Defending a broad utilitarian ethic where consequences determine the appropriateness of a given decision or action Cheney was adamant in his assertion that the enhanced methodological approach employed by the CIA paid off in the kind of actionable information that left the United States and servicemen and women serving around the world safer and much more secure. When pressed he said he would “do it again” if it meant the life or death of an American.
Cheney was pressed by Todd in the particulars of torture and the various and sundry and sometimes enhanced nature of the interrogation employed by the CIA but Cheney would have none of it. Brushing aside the sometimes aggressive interlocution, the former Vice President of the United States was quick to deflect the weight of the moral question and designation of moral culpability onto the enemy combatants themselves.
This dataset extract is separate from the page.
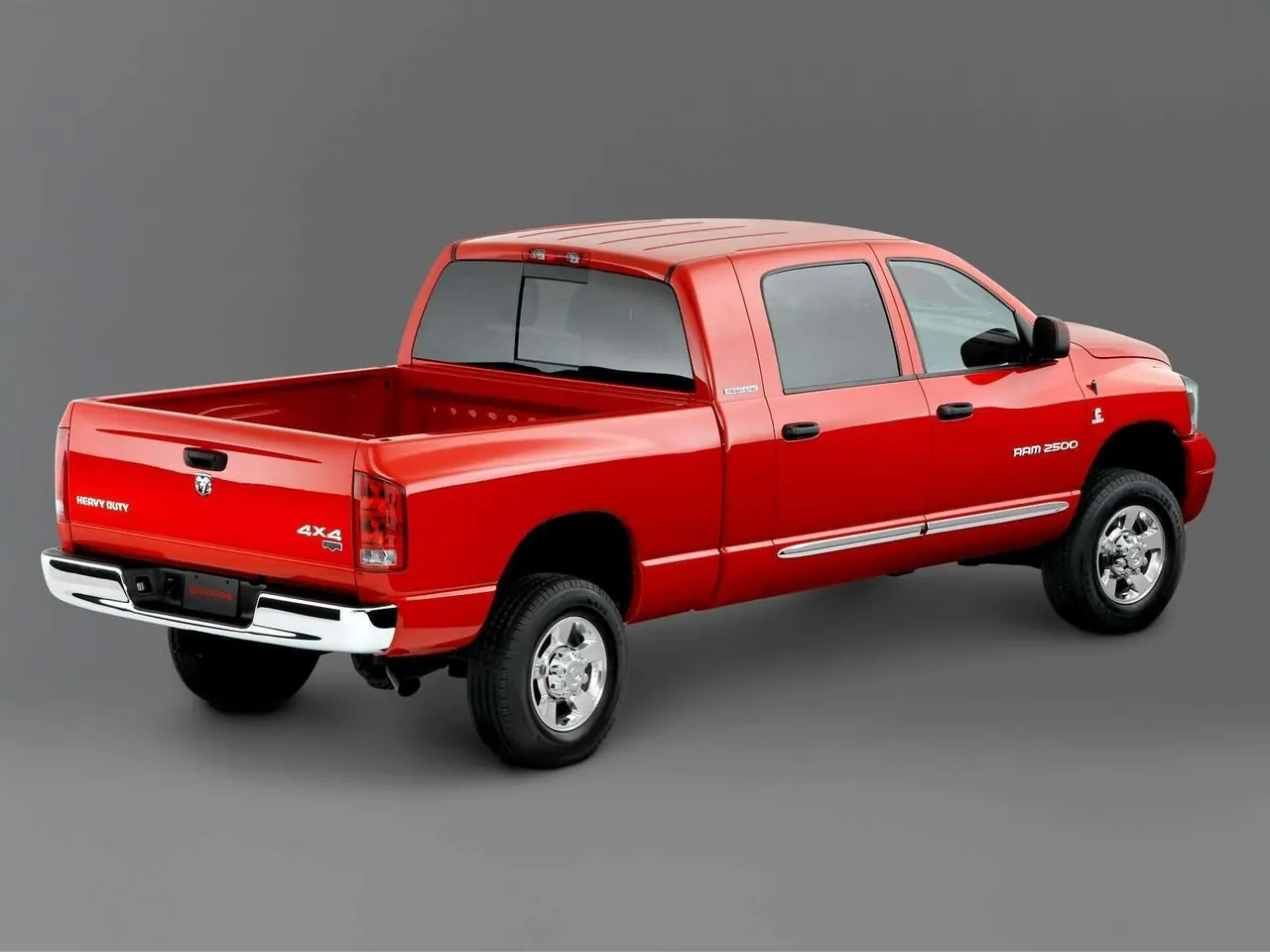 Dodge Ram Mega Cab (2006) – zadní tříčtvrteční pohled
While torture is defined as the practice of causing another deep or severe pain, or forcing them to do something they would not otherwise do, Cheney attempted to walk back the definition suggesting that victims lived through the process and thus were not tortured in the classical sense. Cheney said that, “we were very careful to stop short of torture.”
While Dick Cheney understands that enhanced interrogation methods involve extreme discomfiture and pain on the part of its victims he said that the interrogation process itself fell short of what the United States armed forces and citizens around the world were confronted with on a daily basis. When the topic of water boarding came up Cheney was quick to note that in terms of proportion, American prisoners often had it worse than their American imprisoned counterparts. Americans, Cheney suggested, are more likely to get their heads cut off while those imprisoned enemy combatants subjected to water boarding had to deal with only the uncomfortable aspects of the advanced or enhanced technique but got to live to see another day.
Water boarding as a technique was approved by elements within the Bush Administration though Cheney and others claim that Bush himself was, at least initially unaware of its use. As an interrogation technique it initiates by holding a captive down, putting a piece of cloth over the face, mouth and nostrils. Water is then poured on the cloth giving the victim the clear sensation of drowning. A gag then panic reflex kicks in and the victim struggles mightily to get free thus causing the heart to beat faster. This in turns creates a deeper sense of oxygen deprivation and hunger. Often times the gag reflex is so powerful that the victim will regurgitate and subsequently choke on his own vomit.
With the publication and dissemination of Dianne Feinstein’s report last week on enhanced interrogation and its application the question of torture has again come front and center. While Dick Cheney contends that the book on enhanced interrogation should be closed, Feinstein and her report seeks to open it wide for all the world to see.